Task distribution shifts by seniority

Hierarchy level also shifts your task duration profile. Entry-level roles skew toward shorter, more automatable tasks; senior roles skew toward longer, strategic tasks:

Seniority task weight shifts (added to base weights)
Level<10m10-45m45m-3h3-8h>12h
1 (Entry)+12%+8%-5%-8%-7%
2 (Junior)+5%+3%-2%-3%-3%
3 (Mid)0%0%0%0%0%
4 (Senior)-6%-4%+3%+4%+3%
5 (Exec)-12%-9%+6%+8%+7%

These shifts are applied to base weights before normalization. Entry-level concentrates work in short tasks; executive level shifts to longer strategic tasks.

The combined effect is substantial: an entry-level role faces earlier automation (lower theta), faster implementation (negative delay shift), higher compression vulnerability (100% hierarchy exposure), and a task profile weighted toward short, easily-automated tasks. A Level 5 executive faces the opposite on all dimensions.

Reading the outputs

The chart shows two survival complements: blue for technical feasibility, green for realized displacement once friction and delay kick in. We integrate $\lambda(s)$ with Simpson's rule, so the area under each curve is the cumulative probability that automation has already happened. Use the controls to stress-test assumptions.

  • Median timeline: A binary search finds the year where cumulative probability hits $50\%$. That becomes the headline median job-loss metric.
  • Risk by 2030 or 2031: The model calculates years from the current date (when you access the page) to these target years, then evaluates $P_{\text{loss}}$ at that future horizon. For example, accessing the calculator in November 2025 means 2030 is ~4.1 years away. This ensures projections stay relevant as time passes.
  • Personal timeline: The $25\%$, $50\%$, $75\%$, and $90\%$ milestones surface when they fall within the next $10$, $15$, $18$, and $25$ years respectively.
  • Re-employment label: The probability is bucketed into Good, Moderate, Low, or Very Low for quick scanning, with the precise percentage alongside.

How to work with the model

  1. Start with the preset that feels closest to your role, then tweak one cluster of questions at a time so you can see which dimensions move the hazard.
  2. Stress-test the extremes: set AI readiness to five while leaving friction high, then flip it. The distance between those runs is a map of where to invest your energy.
  3. Pair the re-employment score with the green curve. A fast hazard plus weak re-employment is the trigger for upskilling or a job search; a slow hazard plus strong re-employment buys time for deliberate moves.

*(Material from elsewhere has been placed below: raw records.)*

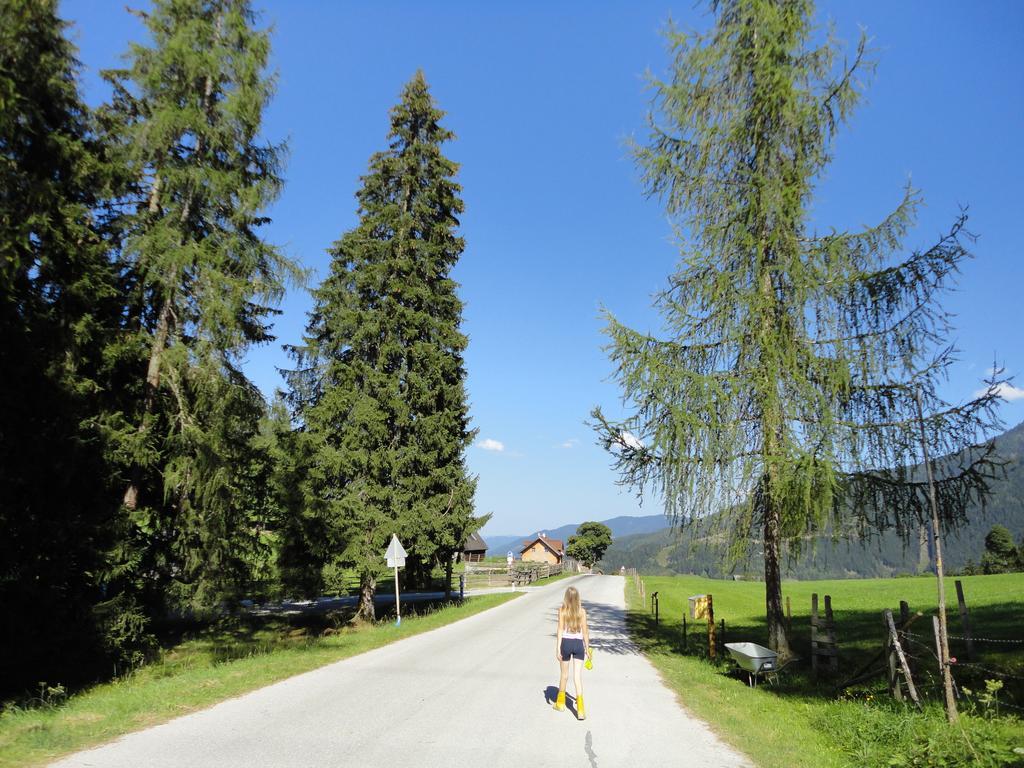 Ferienhaus Bichlhuette Pruggern Szoba fotó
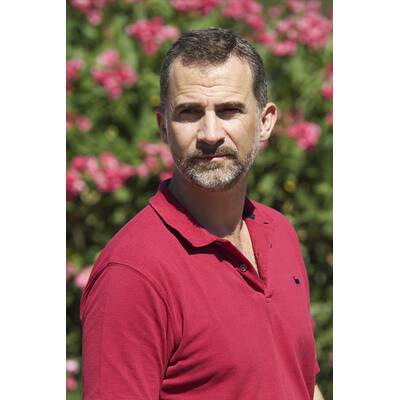 Prinz Felipe in Palma de Mallorca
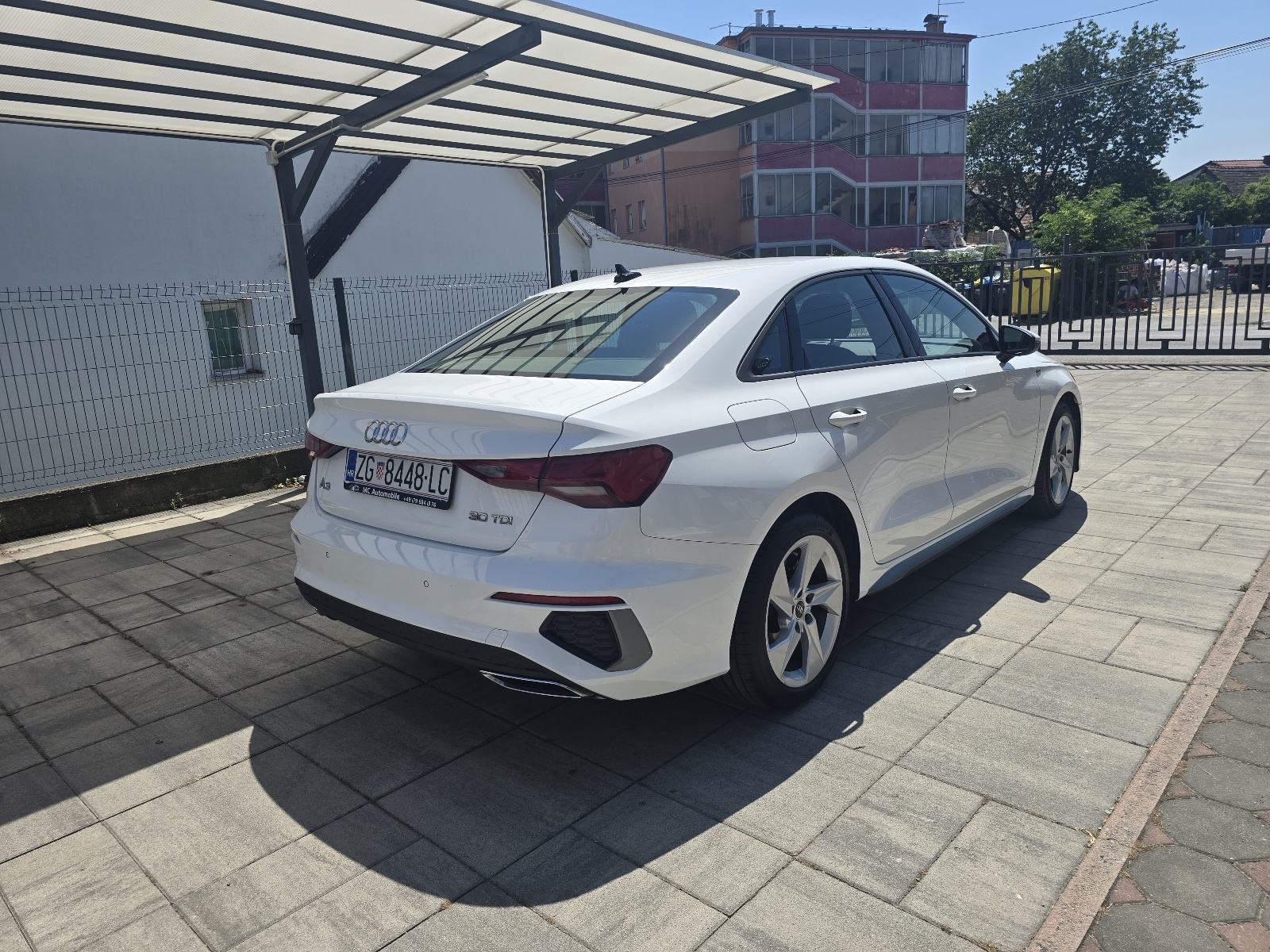 Audi A3 30 TDI automatik, fotografija 6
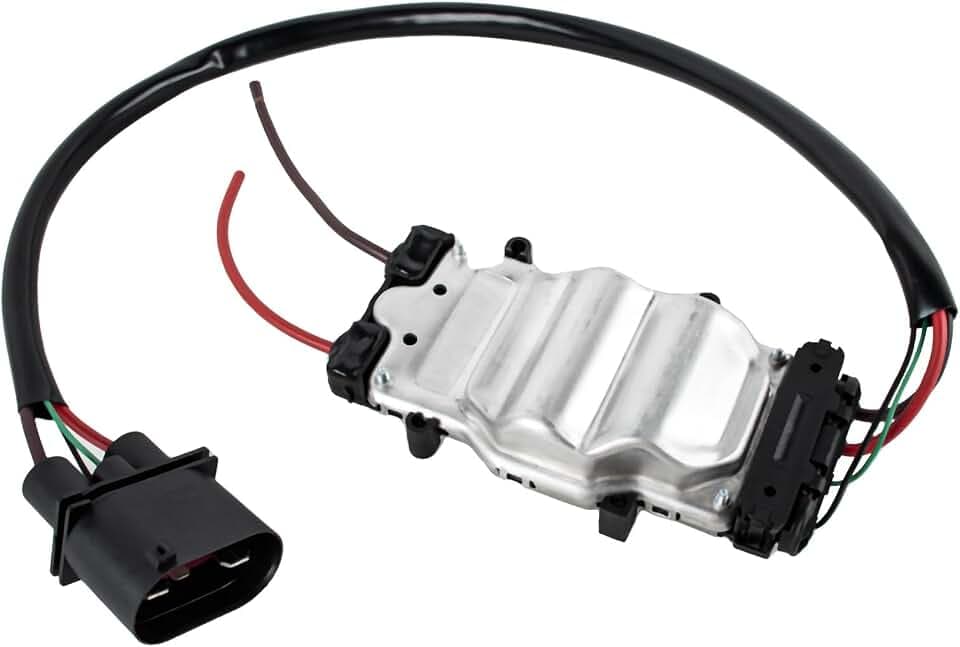4F0959455B Steuermodul Kühlerlüfter Rechte Seite Lüfter Gebläserregelmodul Ersatz für A6 C6 Allroad 2004-2010 2.7 3.0 TDI 4F0959455K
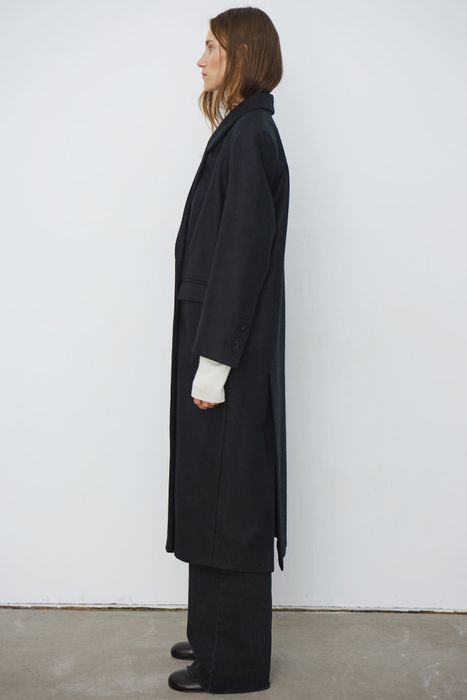 Пальто daddy женское, черный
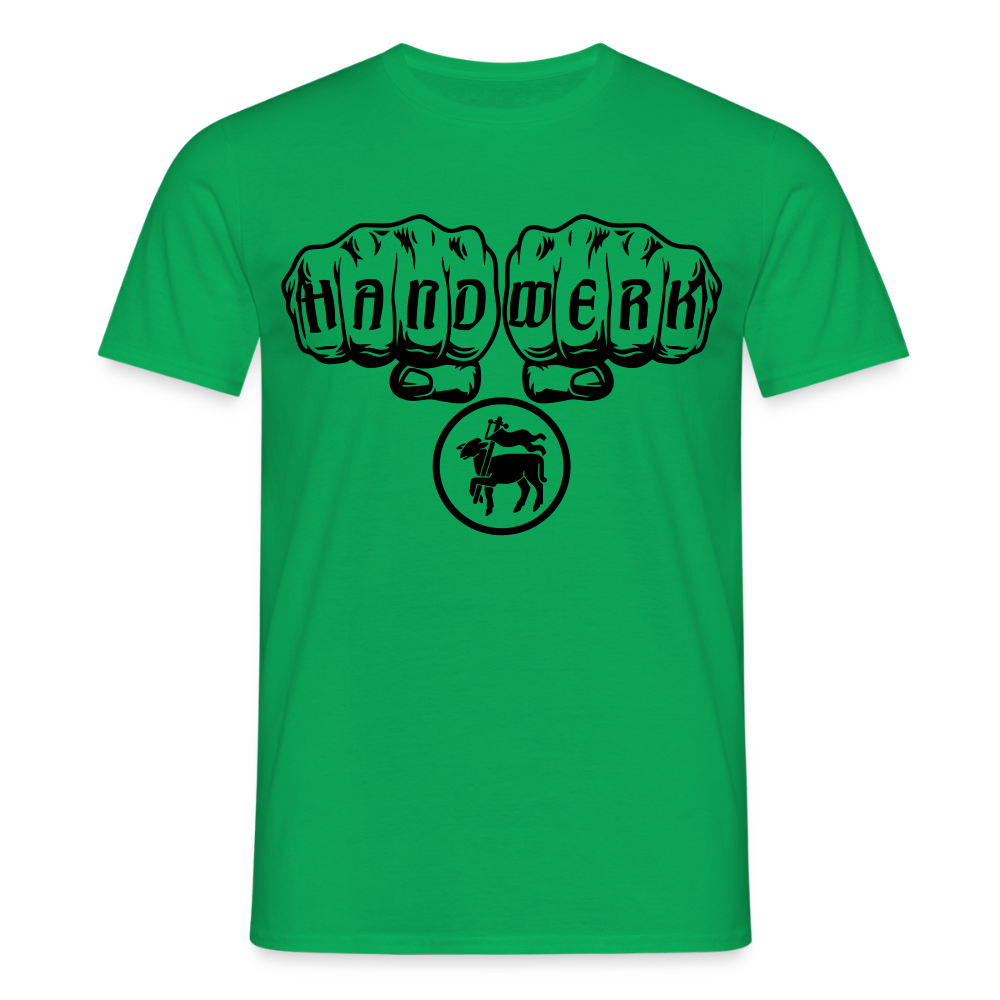 Unisex T-Shirt "Fleischer" Kelly Green Männer T-Shirt {{ color }}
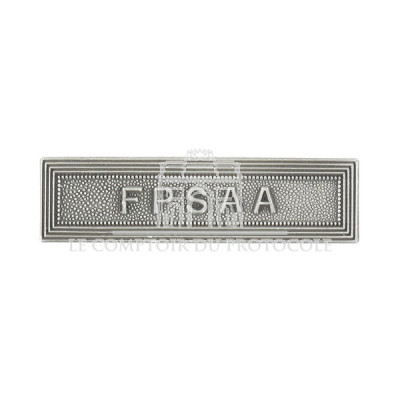 AGRAFE FPSAA pour médaille pendante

Use the weight structure as a checklist: strengthen the protective items you can influence, document the assumptions you cannot, and revisit the calculator as real-world signals shift.

Guide to Advanced Model Tuning

The tuning panel exposes every parameter used in the hazard and compression calculations. Three presets are available at the top of the panel:

  • Conservative: Slows capability growth (doubling time 1.3× baseline), raises thresholds (higher theta clamp), lowers the maximum annual automation hazard, smooths the gate, and lengthens implementation delay. Choose this if you expect slow adoption and strong guardrails.
  • Baseline: Restores the default configuration derived from METR benchmarks plus the model's transfer and friction assumptions (including the METR-derived doubling time).
  • Fast-Takeoff: Speeds capability growth (doubling time 0.7× baseline), lowers thresholds, sharpens the gate, raises the maximum hazard, and shortens delay. Use this to explore aggressive "capability converts to deployment quickly" scenarios.

These presets only set parameter values; you can override any field afterward. They do not change the underlying math, only the assumptions about how quickly capability translates into real-world deployment.